The Rev. Amy Zucker Morgenstern lays out the ways NRA policies have always been shaped by the demands of white supremacy.

[The] killing of security guard Jemel Roberson, taken for a murderer when he tried to stop a crime in the course of his job, was not a surprise. It was the inevitable outcome of the plan that has been unfolding for decades. . . . We now have two categories of US Americans: the “honest citizens” who can–should–go about armed, and the ones for whom bearing arms is certain proof that they are criminals. The armed whites and the disarmed, terrified blacks. (Sermons in Stones, 11.14.18)

Kat Liu reflects on the transition from Armistice Day to Veterans Day.

What I object to is the shift from hope for peace to glorification of war. On Veterans Day now, we tell veterans “Thank you for your service,” but we (collectively) do nothing to make their sacrifice less required. Nothing to lessen war. For the sake of empire, we emphasize suffering and death over love and life. (Wizduum, 11.12.18)

What must we do

The Rev. David Miller asks what so many of us are asking: “What must we do?”

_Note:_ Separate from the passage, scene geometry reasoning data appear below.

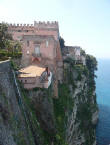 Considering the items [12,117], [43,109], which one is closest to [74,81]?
[43,109]

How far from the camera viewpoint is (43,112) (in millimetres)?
24281

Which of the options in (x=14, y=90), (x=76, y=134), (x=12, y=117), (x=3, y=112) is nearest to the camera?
(x=3, y=112)

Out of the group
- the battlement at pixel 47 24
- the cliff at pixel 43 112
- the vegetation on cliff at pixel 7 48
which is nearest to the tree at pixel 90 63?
the cliff at pixel 43 112

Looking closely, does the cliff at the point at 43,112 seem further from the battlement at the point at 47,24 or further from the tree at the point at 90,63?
the tree at the point at 90,63

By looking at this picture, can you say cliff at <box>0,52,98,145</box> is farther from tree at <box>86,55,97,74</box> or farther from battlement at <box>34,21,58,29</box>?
tree at <box>86,55,97,74</box>

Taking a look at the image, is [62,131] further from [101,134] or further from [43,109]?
[101,134]

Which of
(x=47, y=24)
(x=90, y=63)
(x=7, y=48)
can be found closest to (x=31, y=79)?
(x=7, y=48)

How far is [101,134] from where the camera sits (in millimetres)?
49031

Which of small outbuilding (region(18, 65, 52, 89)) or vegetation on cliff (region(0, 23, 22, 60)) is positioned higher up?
vegetation on cliff (region(0, 23, 22, 60))

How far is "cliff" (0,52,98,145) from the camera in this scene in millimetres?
16172

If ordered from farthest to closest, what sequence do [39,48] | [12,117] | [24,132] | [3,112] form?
1. [39,48]
2. [24,132]
3. [12,117]
4. [3,112]

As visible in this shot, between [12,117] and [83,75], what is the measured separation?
1204 inches

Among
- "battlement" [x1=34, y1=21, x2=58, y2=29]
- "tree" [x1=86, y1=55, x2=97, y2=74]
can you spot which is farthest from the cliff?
"tree" [x1=86, y1=55, x2=97, y2=74]

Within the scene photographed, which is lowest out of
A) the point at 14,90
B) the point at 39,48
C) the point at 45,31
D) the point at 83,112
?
the point at 83,112
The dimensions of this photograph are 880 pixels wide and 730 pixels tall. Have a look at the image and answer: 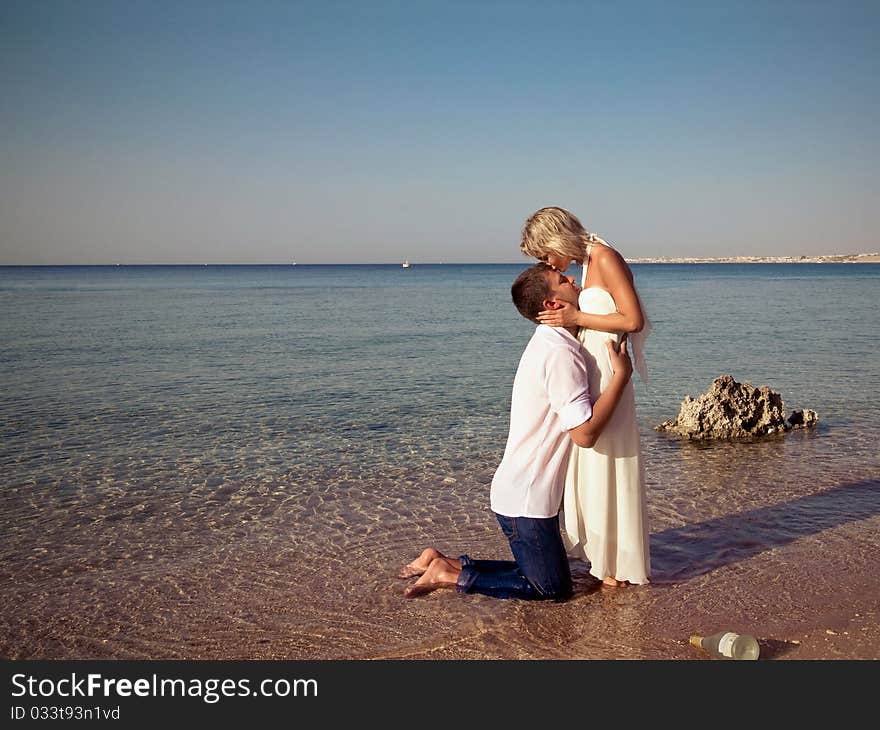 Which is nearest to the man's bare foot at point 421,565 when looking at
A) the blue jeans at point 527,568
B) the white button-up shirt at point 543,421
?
the blue jeans at point 527,568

I wake and I look at social media and the news and I think am I informed, am I inundated, am I in an echo chamber. . . ? [One] event stops, another begins, we move on. . . .

So what must we do to stop, focus, help ourselves to understand our place in the runaway systems and where we can maintain some control of our spirits in all of this? How can we separate ourselves from the constant din in order to find our way to love and connection or at least use our outrage and incredulity for good instead of being sucked into the fray designed by others? (Facebook, 11.10.18)

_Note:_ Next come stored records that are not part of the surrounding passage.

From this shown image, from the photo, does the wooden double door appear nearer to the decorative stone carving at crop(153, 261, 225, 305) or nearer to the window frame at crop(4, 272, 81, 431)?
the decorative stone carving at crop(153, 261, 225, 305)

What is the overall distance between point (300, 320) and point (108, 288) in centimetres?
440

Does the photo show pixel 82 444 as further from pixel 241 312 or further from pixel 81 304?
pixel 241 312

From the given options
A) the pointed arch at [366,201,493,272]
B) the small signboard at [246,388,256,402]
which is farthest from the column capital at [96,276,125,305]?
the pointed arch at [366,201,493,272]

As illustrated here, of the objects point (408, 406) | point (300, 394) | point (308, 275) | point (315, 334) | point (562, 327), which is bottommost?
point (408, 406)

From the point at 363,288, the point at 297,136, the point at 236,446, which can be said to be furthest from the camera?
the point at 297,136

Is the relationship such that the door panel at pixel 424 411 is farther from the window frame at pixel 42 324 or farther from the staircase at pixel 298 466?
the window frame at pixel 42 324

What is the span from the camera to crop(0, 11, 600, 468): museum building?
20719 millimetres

The Rev. Jordinn Nelson Long shares part of the Rev. Kendyl Gibbons’s recent sermon about globalism and nationalism.

Two things are true, difficult as it is to hold them both together in our minds at the same time.

The first is that false equivalency is a fantasy we can no longer afford to entertain, and sympathy is not an effective antidote to tyranny. The will to power must be met with power. . . .

At the same time, we must not allow ourselves to become tribal in response to our own fears and alarm. We must hold faithfully to the vision of a world for all humanity, and indeed, all creatures. . . .

We do this, I believe, by becoming the grown ups in the room; by living into our spiritual maturity to the point that we can recognize and manage a toddler’s tantrums without being drawn into escalating shouting matches. (Facebook, 11.12.18; full sermon here)

Doug Muder proposes a legislative agenda for House Democrats, and argues for beginning small.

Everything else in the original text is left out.